A couple days ago I started reading Morris Berman's "Dark Ages America: The Final Phase of Empire." I'm about halfway through it.
The most interesting chapter so far, called "Pax Americana," explodes a lot of the assumptions most Americans, including those of us holding more liberal persuasions, have held onto over the years. Chief among these has been the notion that the advent of the Bush regime and its policy of pre-emptive warfare is a radical and alarming departure from the benevolent American foreign policy approaches of the past.
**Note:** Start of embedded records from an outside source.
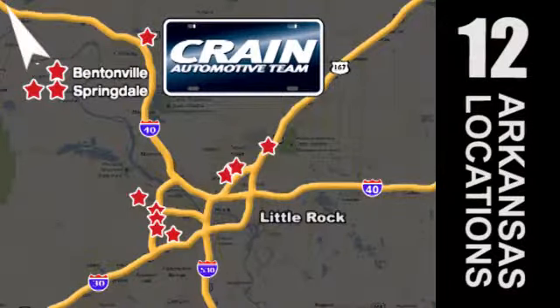Visit us anytime at craneteam.com. Go, go, craneteam's got them — craneteam.com.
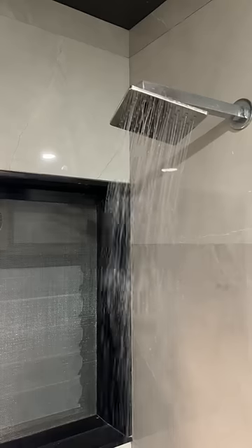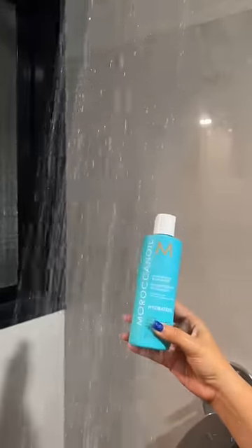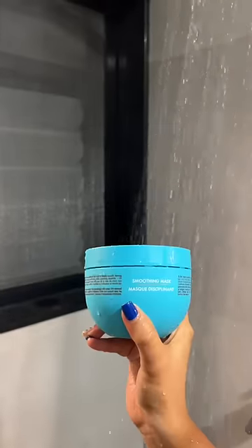Here's my current shower routine. The temperature of the water is very neutral — not too hot, not too cold. I use the Moroccan Oil shampoo first, and then instead of a conditioner, I use a Moroccan Oil mask.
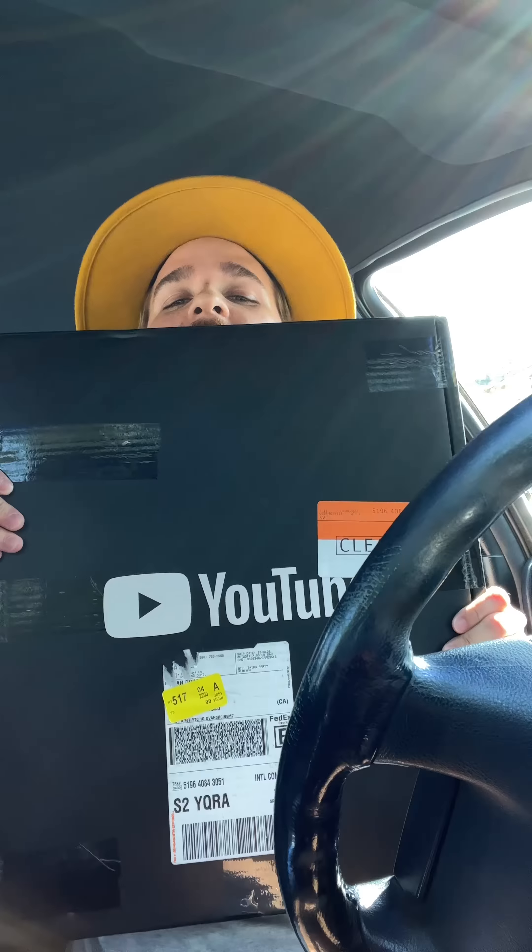Is this a regular car review? Thanks for a million subscribers! We did it, gamers! I have to open this.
Berman argues that developments under the Cheney government (fronted by Bush) are a continuation and extension of the policies of the last 55-plus years, starting in 1950 with the appearance of the secret National Security Council document known as NSC-68, authored by Paul Nitze, which stated that "a defeat of free institutions anywhere is a defeat everywhere."
This statement and others like it underlay the Cold War foreign policies which followed, and led us directly into conflicts in peripheral, remote and unimportant places such as Vietnam, Nicaragua, and Afghanistan. As General MacArthur said, the objectives of such a policy were as much domestic as foreign, designed to keep the American people in "a continuous stampede of patriotic fervor" and fear of the enemy.
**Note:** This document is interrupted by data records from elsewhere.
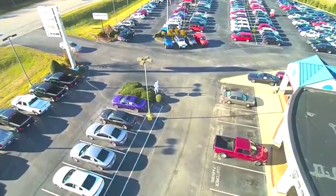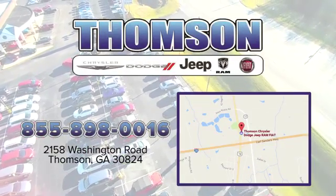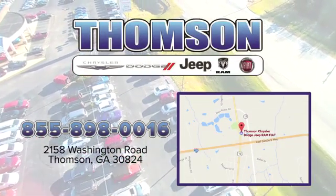Customer satisfaction is our highest priority at Thompson Chrysler Dodge Jeep Ram Fiat. We're easy to find on Washington Road in Thompson, Georgia — just take I-20 to exit 172.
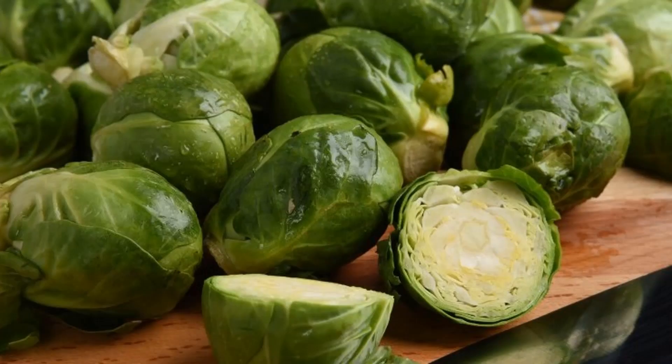Number 9, brussels sprouts. I absolutely love them at Christmas and all year round. And finally, number 10 — are you ready? Broccoli.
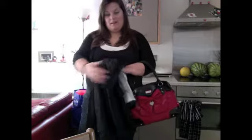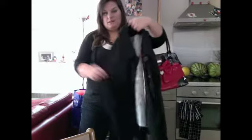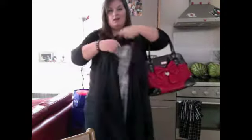Hi guys, Katie here. I'm going to show you what I'm wearing today — I'm going shopping with my girlfriend. I have to do my jacket first. I'm not putting it on because my house is really hot, but it's just like a little swing jacket with some really pretty lining.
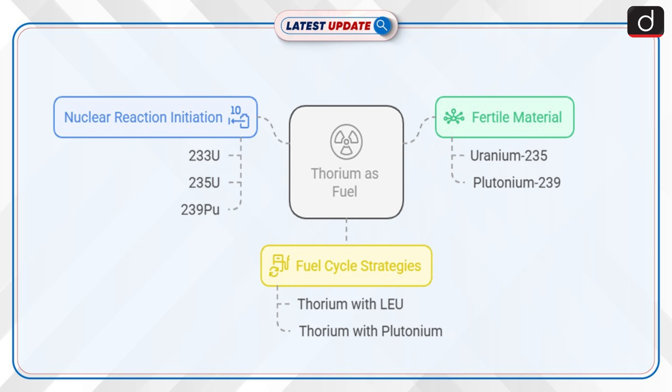A thorium-based nuclear reactor uses thorium-232 as a primary fuel instead of uranium-235 or plutonium-239. Thorium is not a fissile material but a fertile material, meaning it requires pairing with uranium-235 or plutonium-239 to be used as nuclear fuel. To initiate and sustain the nuclear reaction, thorium must be used along with fissile material such as U-233, U-235, or Pu-239.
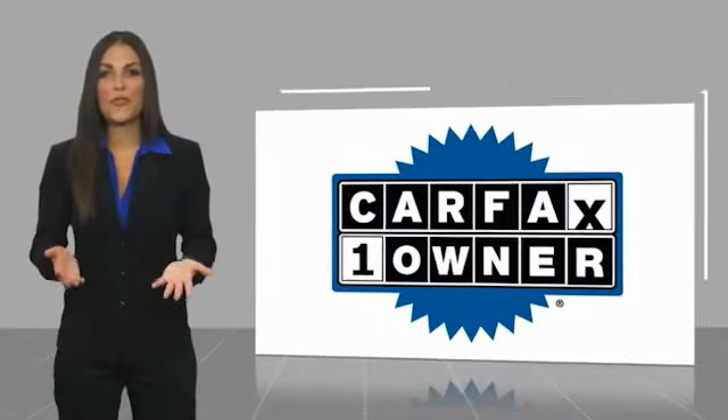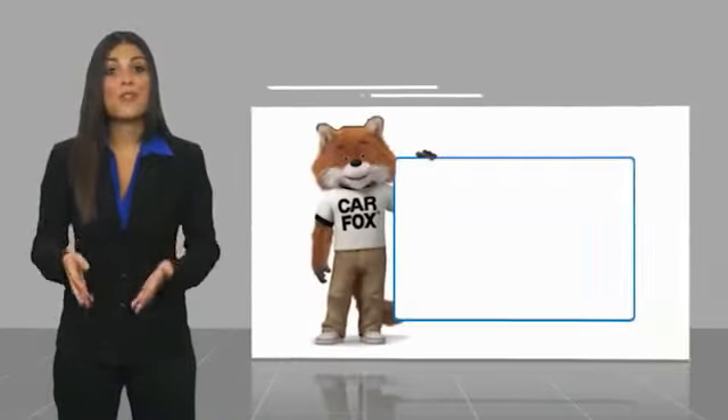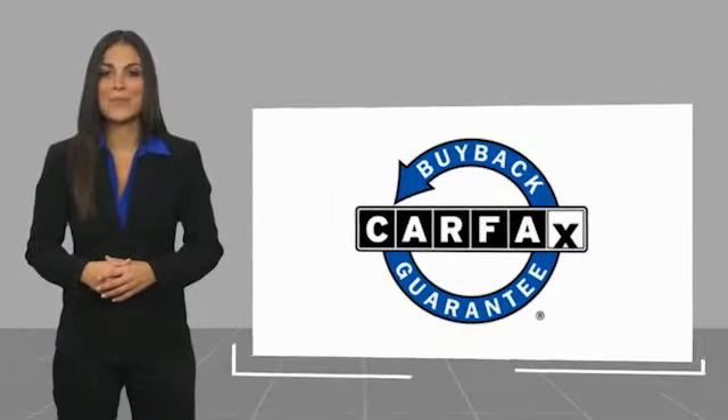This is a one-owner vehicle with a Carfax vehicle history report. Be sure to find a complimentary copy of this report online or contact the dealership. This vehicle qualifies for the Carfax buyback guarantee.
The policy of continuous warfare, of always being at war or preparing for war, as described by George Orwell, did not begin with Bush versus "the terrorists."
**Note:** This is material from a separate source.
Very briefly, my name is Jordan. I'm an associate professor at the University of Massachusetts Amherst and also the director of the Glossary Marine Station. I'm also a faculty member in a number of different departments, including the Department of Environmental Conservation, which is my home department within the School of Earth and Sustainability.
Berman concludes that "(T)he pax americana is not an accidental empire; indeed, I doubt if there is such a thing, historically speaking. We have arived at this point in our history as a result of an inexorable momentum..." He goes on to say that at this point, there is no possibility that the Republic can be restored, that we actually lost the Republic with the establishment of the national security state in its place in 1949-50, that there's too much water under the bridge, and at this point the only way America can and will go is down.